But this method of fixing belief, which may be called the method of tenacity, will be unable to hold its ground in practice. The social impulse is against it. The man who adopts it will find that other men think differently from him, and it will be apt to occur to him, in some saner moment, that their opinions are quite as good as his own, and this will shake his confidence in his belief. This conception, that another man's thought or sentiment may be equivalent to one's own, is a distinctly new step, and a highly important one. It arises from an impulse too strong in man to be suppressed, without danger of destroying the human species. Unless we make ourselves hermits, we shall necessarily influence each other's opinions; so that the problem becomes how to fix belief, not in the individual merely, but in the community.

Let the will of the state act, then, instead of that of the individual. Let an institution be created which shall have for its object to keep correct doctrines before the attention of the people, to reiterate them perpetually, and to teach them to the young; having at the same time power to prevent contrary doctrines from being taught, advocated, or expressed. Let all possible causes of a change of mind be removed from men's apprehensions. Let them be kept ignorant, lest they should learn of some reason to think otherwise than they do. Let their passions be enlisted, so that they may regard private and unusual opinions with hatred and horror. Then, let all men who reject the established belief be terrified into silence. Let the people turn out and tar-and-feather such men, or let inquisitions be made into the manner of thinking of suspected persons, and when they are found guilty of forbidden beliefs, let them be subjected to some signal punishment. When complete agreement could not otherwise be reached, a general massacre of all who have not thought in a certain way has proved a very effective means of settling opinion in a country. If the power to do this be wanting, let a list of opinions be drawn up, to which no man of the least independence of thought can assent, and let the faithful be required to accept all these propositions, in order to segregate them as radically as possible from the influence of the rest of the world.

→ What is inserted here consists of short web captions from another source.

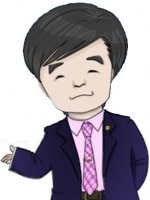 二宮 仁弁護士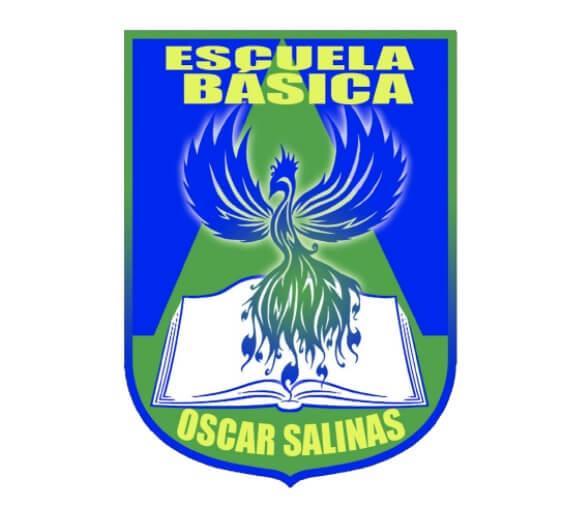 Escuela Oscar Salinas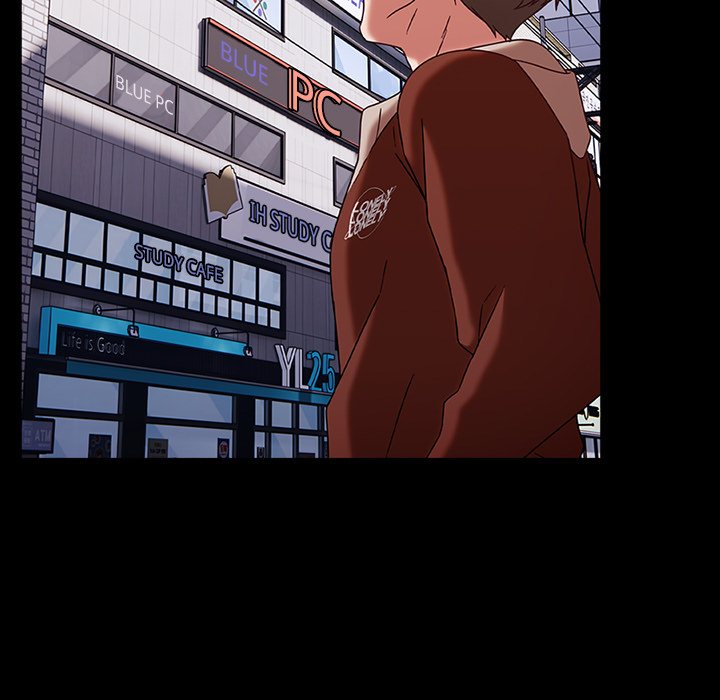 Ground and Pound - Chapter 1 - picture 90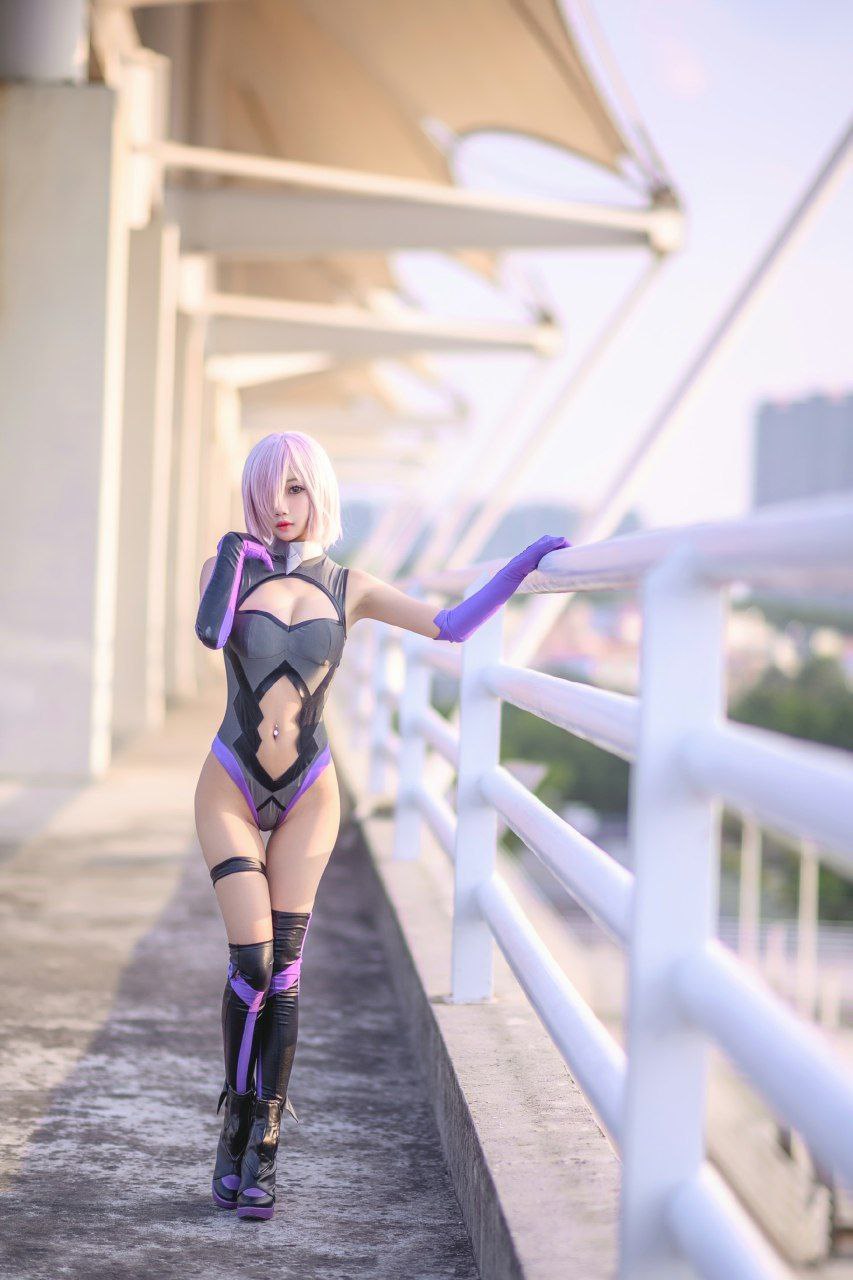 国产星巴克A 片 国产星巴克A 片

This method has, from the earliest times, been one of the chief means of upholding correct theological and political doctrines, and of preserving their universal or catholic character. In Rome, especially, it has been practised from the days of Numa Pompilius to those of Pius Nonus. This is the most perfect example in history; but wherever there is a priesthood -- and no religion has been without one -- this method has been more or less made use of. Wherever there is an aristocracy, or a guild, or any association of a class of men whose interests depend, or are supposed to depend, on certain propositions, there will be inevitably found some traces of this natural product of social feeling. Cruelties always accompany this system; and when it is consistently carried out, they become atrocities of the most horrible kind in the eyes of any rational man. Nor should this occasion surprise, for the officer of a society does not feel justified in surrendering the interests of that society for the sake of mercy, as he might his own private interests. It is natural, therefore, that sympathy and fellowship should thus produce a most ruthless power.

In judging this method of fixing belief, which may be called the method of authority, we must, in the first place, allow its immeasurable mental and moral superiority to the method of tenacity. Its success is proportionately greater; and, in fact, it has over and over again worked the most majestic results. The mere structures of stone which it has caused to be put together -- in Siam, for example, in Egypt, and in Europe -- have many of them a sublimity hardly more than rivaled by the greatest works of Nature. And, except the geological epochs, there are no periods of time so vast as those which are measured by some of these organized faiths. If we scrutinize the matter closely, we shall find that there has not been one of their creeds which has remained always the same; yet the change is so slow as to be imperceptible during one person's life, so that individual belief remains sensibly fixed. For the mass of mankind, then, there is perhaps no better method than this. If it is their highest impulse to be intellectual slaves, then slaves they ought to remain.

But no institution can undertake to regulate opinions upon every subject. Only the most important ones can be attended to, and on the rest men's minds must be left to the action of natural causes. This imperfection will be no source of weakness so long as men are in such a state of culture that one opinion does not influence another -- that is, so long as they cannot put two and two together. But in the most priest-ridden states some individuals will be found who are raised above that condition. These men possess a wider sort of social feeling; they see that men in other countries and in other ages have held to very different doctrines from those which they themselves have been brought up to believe; and they cannot help seeing that it is the mere accident of their having been taught as they have, and of their having been surrounded with the manners and associations they have, that has caused them to believe as they do and not far differently. Nor can their candour resist the reflection that there is no reason to rate their own views at a higher value than those of other nations and other centuries; thus giving rise to doubts in their minds.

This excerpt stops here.